For over a decade now, some Vermont politicians have been calling for the closure of the Vermont Yankee Nuclear Power Plant (VY), with the full understanding that there is nothing that could immediately replace it and it’s near zero carbon footprint.
We are told closing VY will require conservation and a switch to other green sources of electricity, such as wind and solar, which cost up to five times as much as nuclear energy. Since it takes time and money to build up these new renewable sources, the state is left with energy conservation to make up for the potential loss of VY power until new energy sources are developed.

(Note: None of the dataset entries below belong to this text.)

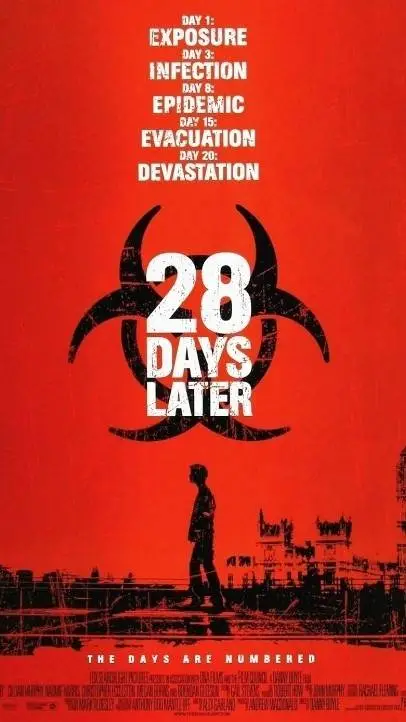 ai character: 28 Days Later... background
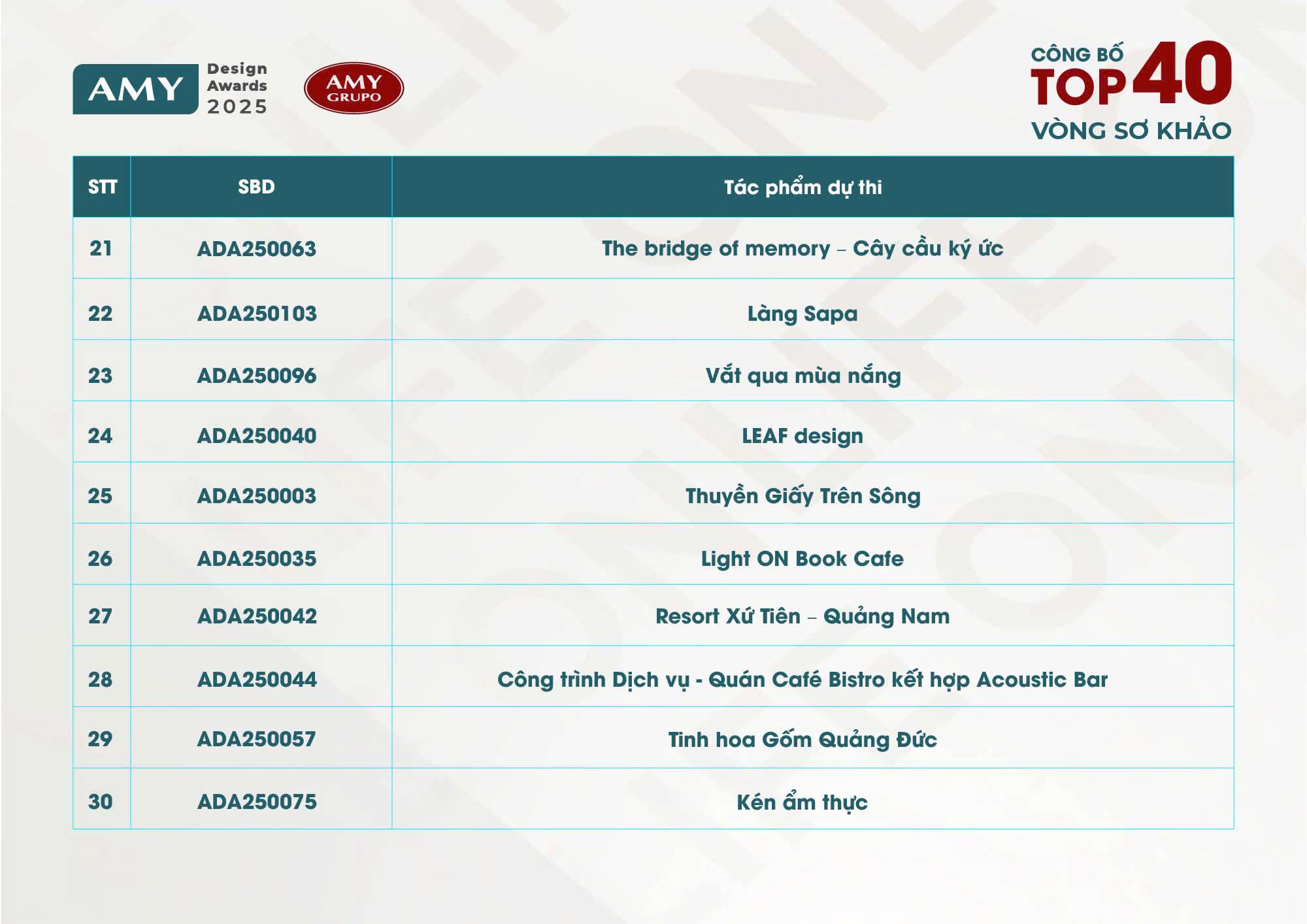 top-40-amy-design-awards-2025-vinh-danh-nhung-y-tuong-thiet-ke-xuat-sac-nhat-vong-so-khao-3.jpg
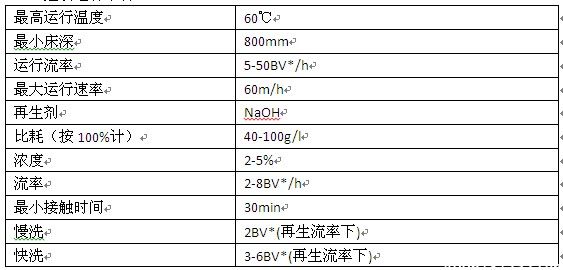 罗门哈斯强酸性阳离子交换树脂AMBERJET 4000CL 罗门哈斯强酸性阳离子交换树脂AMBERJET 4000CL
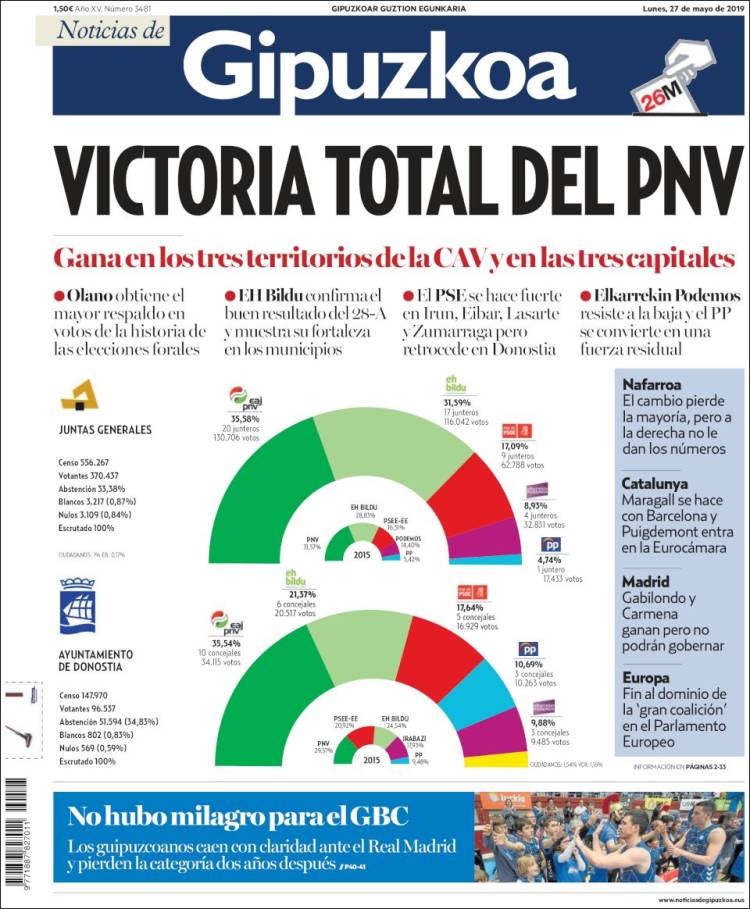 Portada de Noticias de Gipuzkoa (Espa&ntilde;a)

VY supplies one-third of Vermont’s electric needs, this means the state would need to reduce its electric usage by one-third if it wants to do away with nuclear power before we have its replacements on line. In 2003 we used 6 million megawatts of electricity, by 2005 we reduced that to 5.9 million and in 2009 we reduced it again to 5.5 million megawatts. This is an 8% reduction over six years, including the recession of 2008 & 2009. To meet the goal of continuing to reduce our electric usage by one-third, we would need to reduce our power usage, state wide, by another 25% by March, 2012, which is only six months away.
We could increase our purchases of more expensive power from New Hampshire, New York, Massachusetts or Canada, but they all use a mix of conventional and nuclear power too, so what does that say about Vermont’s commitment to removing nuclear power? It sounds a lot like “not in my back yard.” Additionally what do you think the price of Hydro-Quebec’s electricity is going to do once it has no competition from VY?
It sounds good for the state to say it wants to remove nuclear power and shut down its one nuclear plant, but all of its energy plans for the past decade tell a different story. The age old adage is still true: “You can’t have your cake and eat it too.”
– Al Blakley
Make sure qualified people are overseeing our nuclear plants
According to several media reports, Federal Judge J. Garvan Murtha seems concerned that the State of Vermont is infringing on the federal government’s responsibility for nuclear safety. For years, politicians’ concerns about Vermont Yankee safety has been front page news. That is just a fact: all of the headlines about elected officials’ concern about tritium, “spent fuel on the banks of the Connecticut River,” as well as the Senate vote to stop the relicensing process, have been about nuclear safety.
Our state officials have encroached on responsibilities belonging solely to the U.S. Nuclear Regulatory Commission. And the more I think about it, the better I feel that the NRC is the top dog in nuclear safety. It’s too important to be left to politicians, in our state or any other. The operational “reforms” they might come up with could be downright scary, being ignorant of the realities of safely operating a nuclear power plant. Peter Shumlin may be a smart man but I do not want him or his office or his appointees setting nuclear power safety guidelines. They don’t have the training or experience. Even worse would be too-friendly politicos, as might possibly happen in less anti-nuke states, such as New Hampshire.
I never want to see nuclear power overseen by any state government, whether anti-nuke or not. Their appointees would be just too inexperienced, untrained, unskilled, erratic and partisan to safely perform this vital job. Think about it – it’s just common sense.